Posted by: Ben | Feb 3, 2013 2:26:06 PM

The term "irresponsible reproduction" is redundant. In these decades characterized by depletion of natural resources, global warming and species extinction, all reproduction by humans is irresponsible.

Of course, you get big tax deductions in the USSA for acting irresponsibly.

Posted by: Jimbino | Feb 3, 2013 3:17:14 PM

Yes, this is the gist of the argument. It is getting a lot of press as a novel argument, but it is almost identical to the argument that won in the Hernandez v. Roblez, the New York opinion upholding the traditional definition of marriage on rational basis grounds in 2006 (before the NY legislature amended the statute to allow same-sex marriage).

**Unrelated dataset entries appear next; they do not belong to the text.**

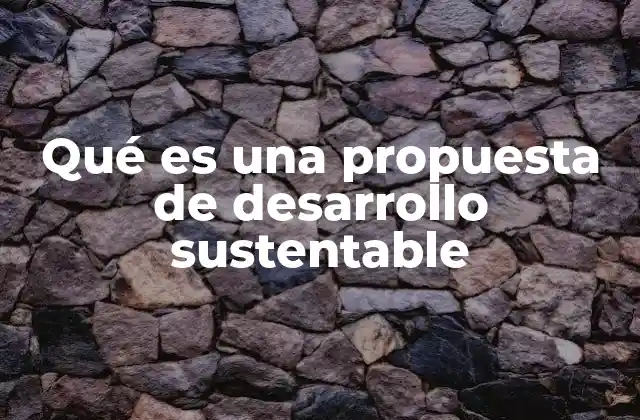 Qué es una Propuesta de Desarrollo Sustentable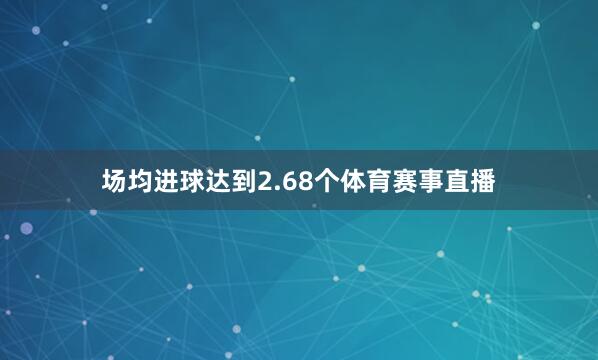 场均进球达到2.68个体育赛事直播
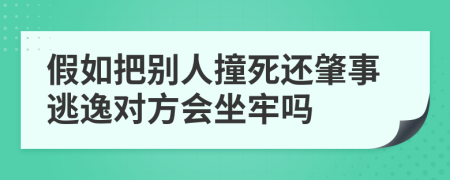 假如把别人撞死还肇事逃逸对方会坐牢吗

Posted by: Wondering | Feb 3, 2013 3:32:26 PM

As Wondering mentions, this was indeed the linchpin of the New York Court of Appeals' opinion, written by Judge Robert Smith. I know Bob Smith from my Paul, Weiss days. Brilliant guy. And I remember thinking at the time: "Well, if that's the best HE can come up with, there really isn't much to justify these laws."

Posted by: Michael J.Z. Mannheimer | Feb 3, 2013 9:20:34 PM

And, the NY case involved a longstanding marriage law, not a law from the late 1990s that specifically targeted same sex marriages, and in this case still involves the couples in question having state benefits.

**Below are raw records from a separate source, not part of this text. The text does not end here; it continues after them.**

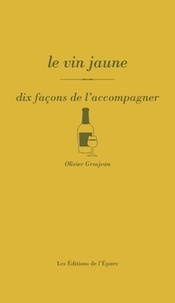 Olivier Grosjean - Le vin jaune - Dix façons de l'accompagner.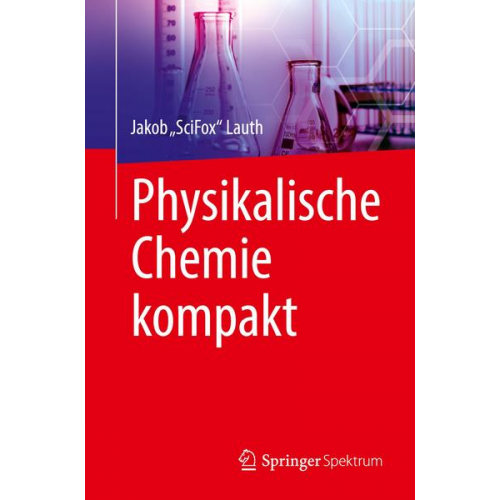 Jakob „SciFox“ Lauth - Physikalische Chemie kompakt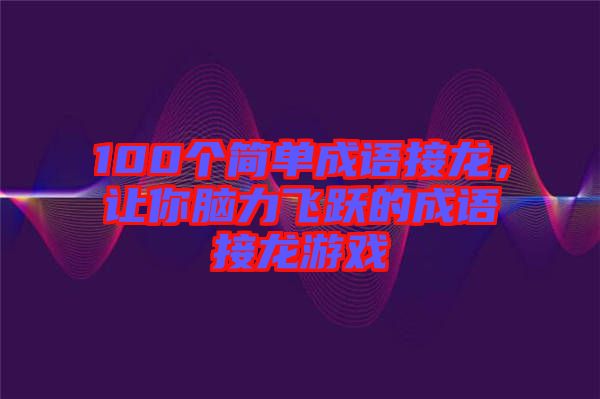 100個(gè)簡單成語接龍，讓你腦力飛躍的成語接龍游戲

The dissent in the NY case cited is also recommended, including how blocking SSM harms the children in same sex families, including in ways that "burden or drain society," some children apparently more worthy of protection than others.

Posted by: Joe | Feb 4, 2013 11:16:14 AM

For an excellent scholarly discussion of this arguments and its problems, see Kerry Abrams and Peter Brooks, Marriage as a Message: Same-Sex Couples and the Rhetoric of Accidental Procreation, 21 YALE JOURNAL OF LAW & HUMANITIES 1 (2009).